Stop at the line containing "Hi, I'm Vanessa": write out every line from the beginning of the entries up to and including it, minus the pictures.

** Opening Task inputs block **

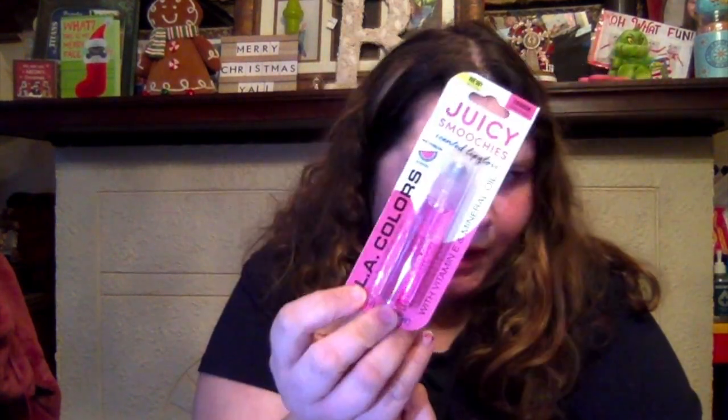Then I just picked up some batteries — nothing really yippee-doo, you know. Then, of course, another one of the Juicy Smooches Lip Balms in Watermelon. I don't care — I have so many of these, I need to quit buying them.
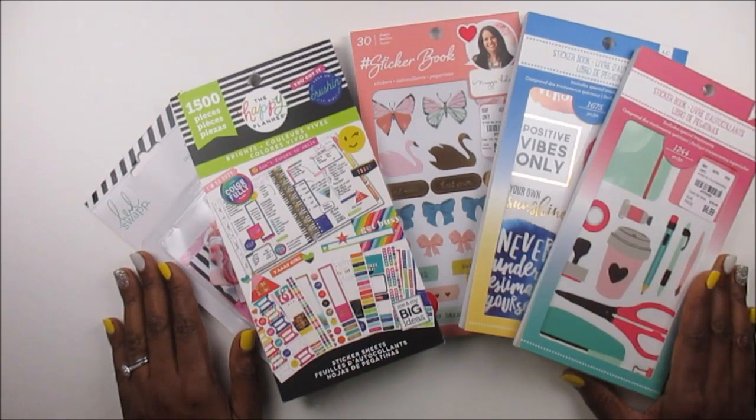What's up planner babes, it's your girl Cam and I'm back with another video. Today I'm coming at you with a small haul from Michaels and Tuesday Morning, so if you want to see what I was able to grab this weekend, just stick around.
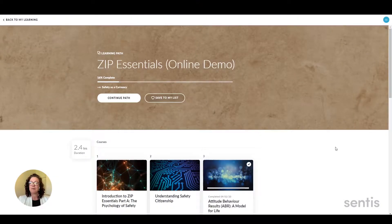Hi, I'm Vanessa from Sentis and today I'm going to walk you through our Zip Essentials online program. We're going to briefly touch on the structure of the program and a little bit about why it's been designed the way it is. Then we're going to dive right in and show you what it's like to experience it.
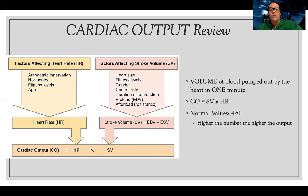Another factor is volume. Volume equals stretch — if I don't have any fluid in my tank, I have nothing to put out. I have to have enough volume to get fluid moving forward. My preload, or how much volume I have in my body, is also a factor. My volume of blood pumped out in one minute is going to be low if I don't have a lot of volume.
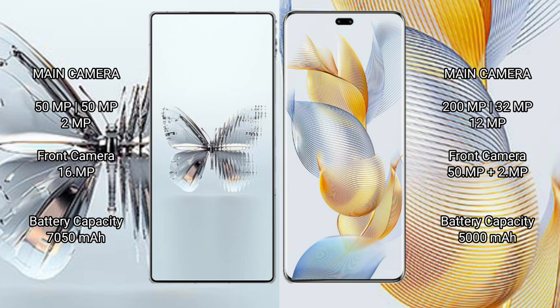RAID MAGIC 10 Pro Plus has a 4750mAh battery with 120W fast charging support. Honor 90 Pro has a 5000mAh battery with 90W fast charging support.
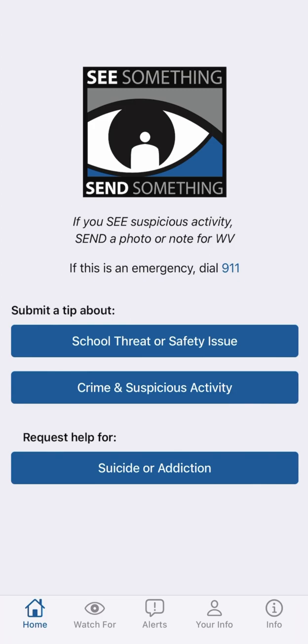The app also provides a button for suicide or addiction. If you or someone you know is struggling with either of these issues, never hesitate to use this button. However, please remember, this app does not replace a call to 911 for immediate assistance. So now you know how to report your tip, let's talk a little bit about the app itself. You'll notice several tabs at the bottom of your screen labeled Home, Watch For, Alerts, Your Info, and Info.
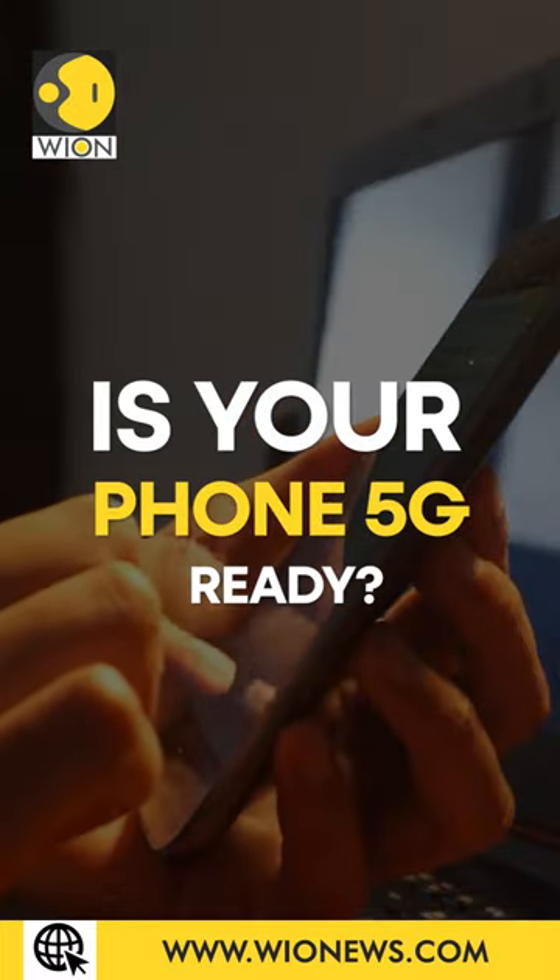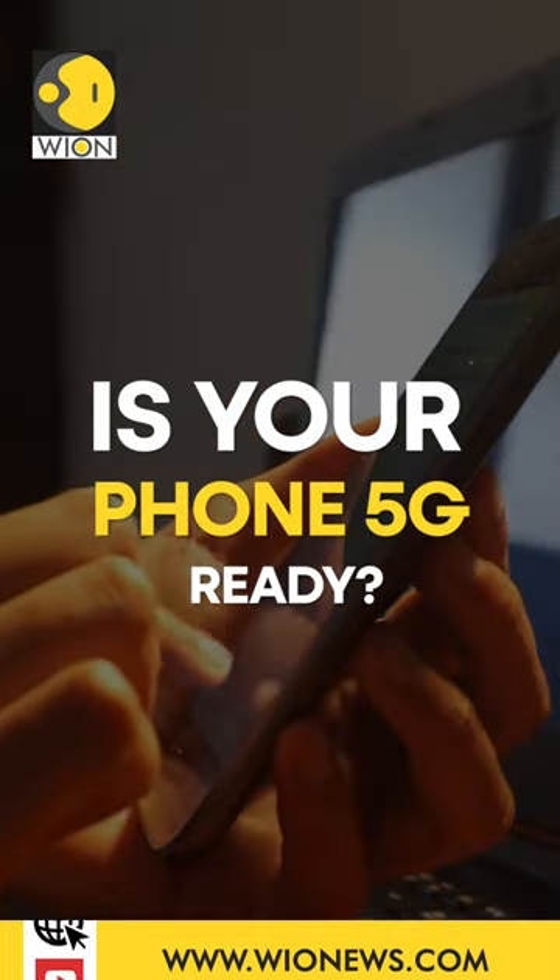The 5G network has launched in India but you're not able to access it. Well, for that, you must find out whether your phone is 5G ready or just 5G compatible because there is a difference. I'm Shivanchana, let's get to the point.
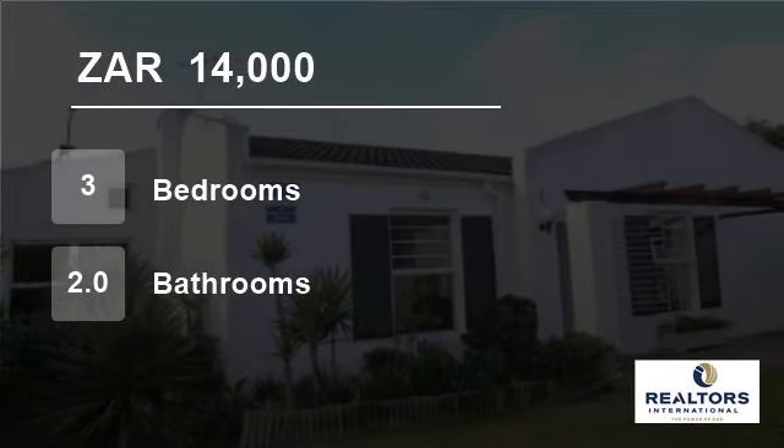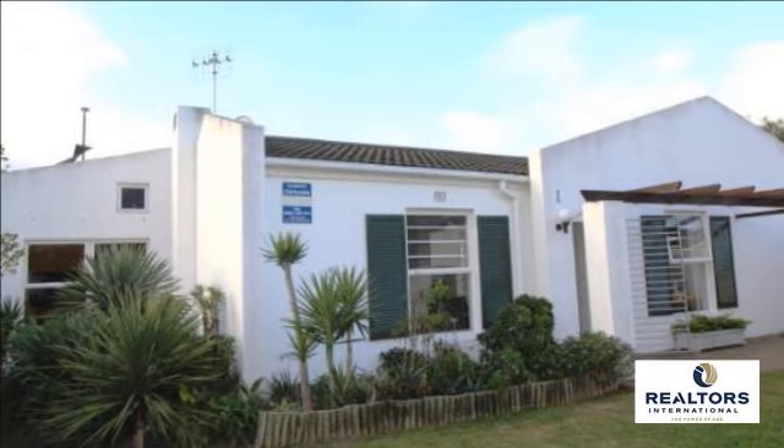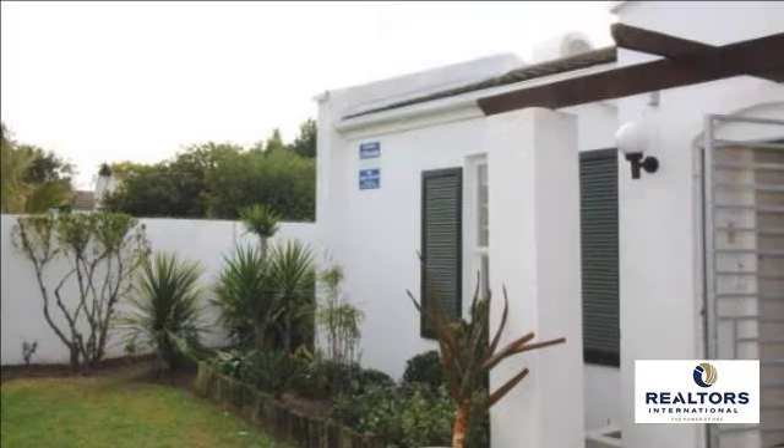Welcome to this three-bedroom house for rent in Durbanville, Western Cape, South Africa, for R14,000 per month. Close to all amenities and Durbanville High School.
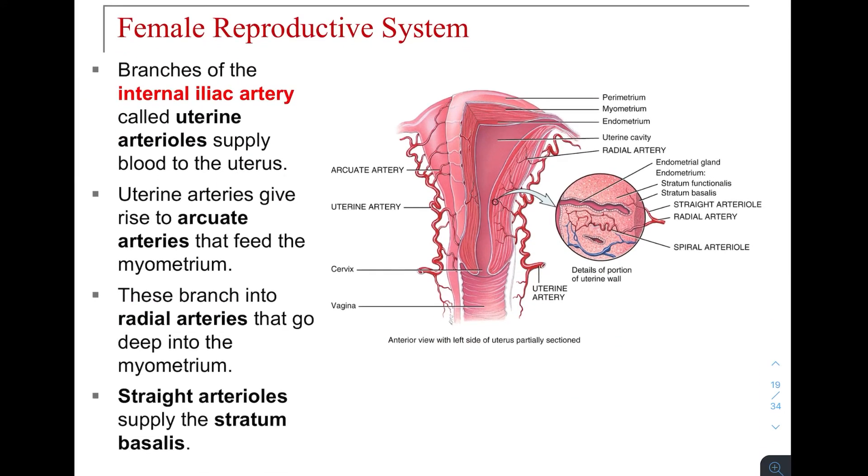Looking at the layers of the uterus: the perimetrium is on the outside, then the thick myometrium, and then the endometrium as the inner lining. The blastocyst coming from the fallopian tube will try to implant somewhere within that endometrial lining, ideally finding an endometrial gland, and the surrounding capillaries of arteries and veins will provide nutrition for the future embryo.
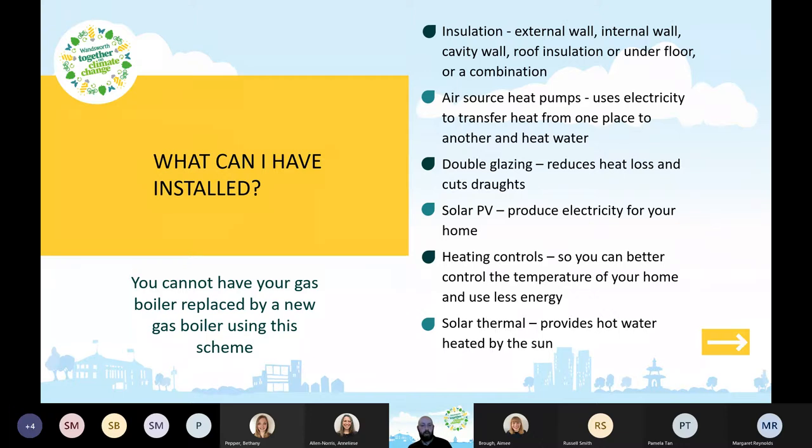One thing to stress: you cannot have your gas boiler replaced by a new gas boiler using this scheme. The scheme is designed to cut fuel bills and help those in or close to fuel poverty, but also to reduce carbon emissions. Swapping a fossil fuel gas boiler for another fossil fuel gas boiler is not the aim, so that's not eligible.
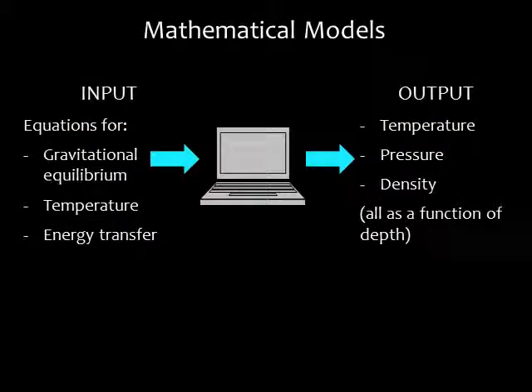Our primary way of learning about the interior of the sun and other stars is by creating mathematical models that use the laws of physics to predict internal conditions. A basic model uses the sun's observed composition and mass as input to equations that describe gravitational equilibrium, temperature, and the rate at which energy moves from the core to the photosphere. We can then calculate the sun's temperature, pressure, and density at any depth. We predict the rate of nuclear fusion in the core by combining these calculations with knowledge about nuclear fusion gathered in laboratories on Earth.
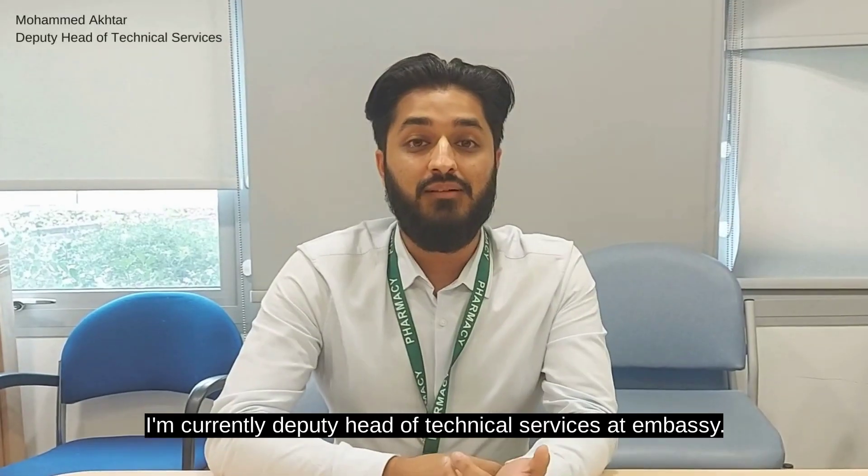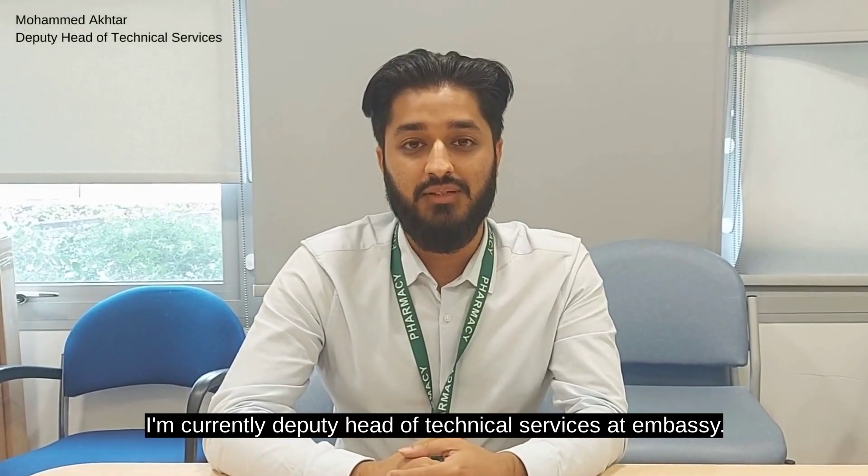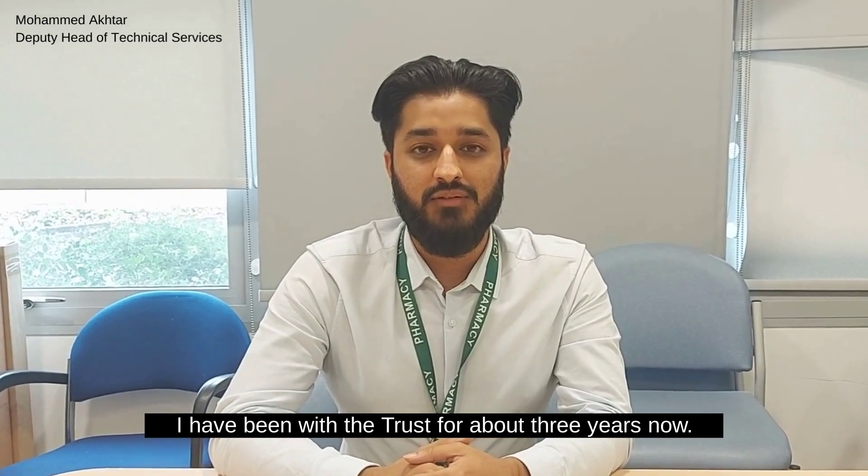My name is Mohamed. I'm currently Deputy Head for Technical Services at NSE, and I've been with the Trust for about three years now.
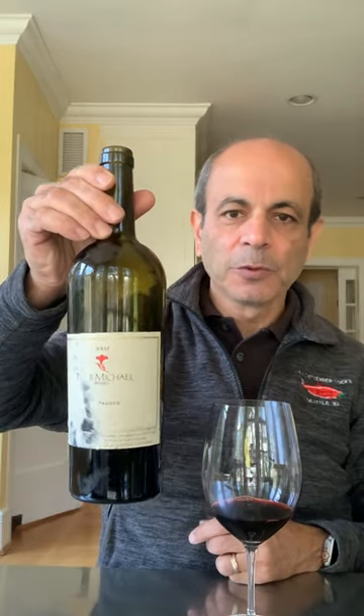This is just a beautiful wine by Peter Michael. It's Le Pavot in 2003.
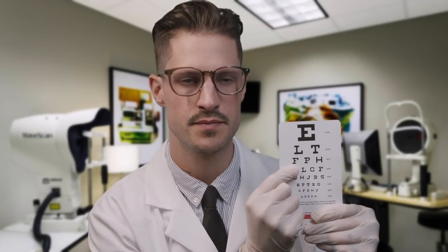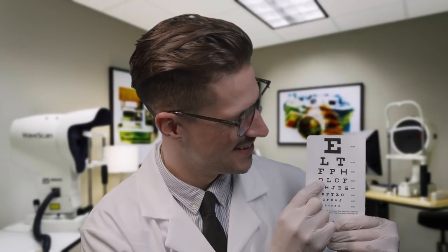Okay, my friend. Can you do me a quick favor? See if you can't read this second line down here. Good. How about this line? Good work. And this line? Good. And how about this line right here? Pretty small, right? Go ahead and give that one a try for me.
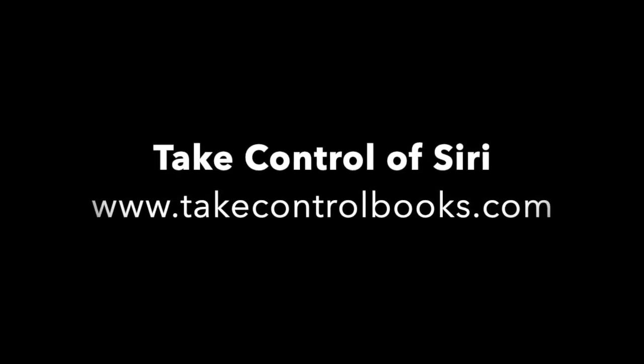For more Siri tips, see the book 'Take Control of Siri' at TakeControlBooks.com.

** Closing Task inputs block **

* **Task answer**:
Then I just picked up some batteries — nothing really yippee-doo, you know. Then, of course, another one of the Juicy Smooches Lip Balms in Watermelon. I don't care — I have so many of these, I need to quit buying them.
What's up planner babes, it's your girl Cam and I'm back with another video. Today I'm coming at you with a small haul from Michaels and Tuesday Morning, so if you want to see what I was able to grab this weekend, just stick around.
Hi, I'm Vanessa from Sentis and today I'm going to walk you through our Zip Essentials online program. We're going to briefly touch on the structure of the program and a little bit about why it's been designed the way it is. Then we're going to dive right in and show you what it's like to experience it.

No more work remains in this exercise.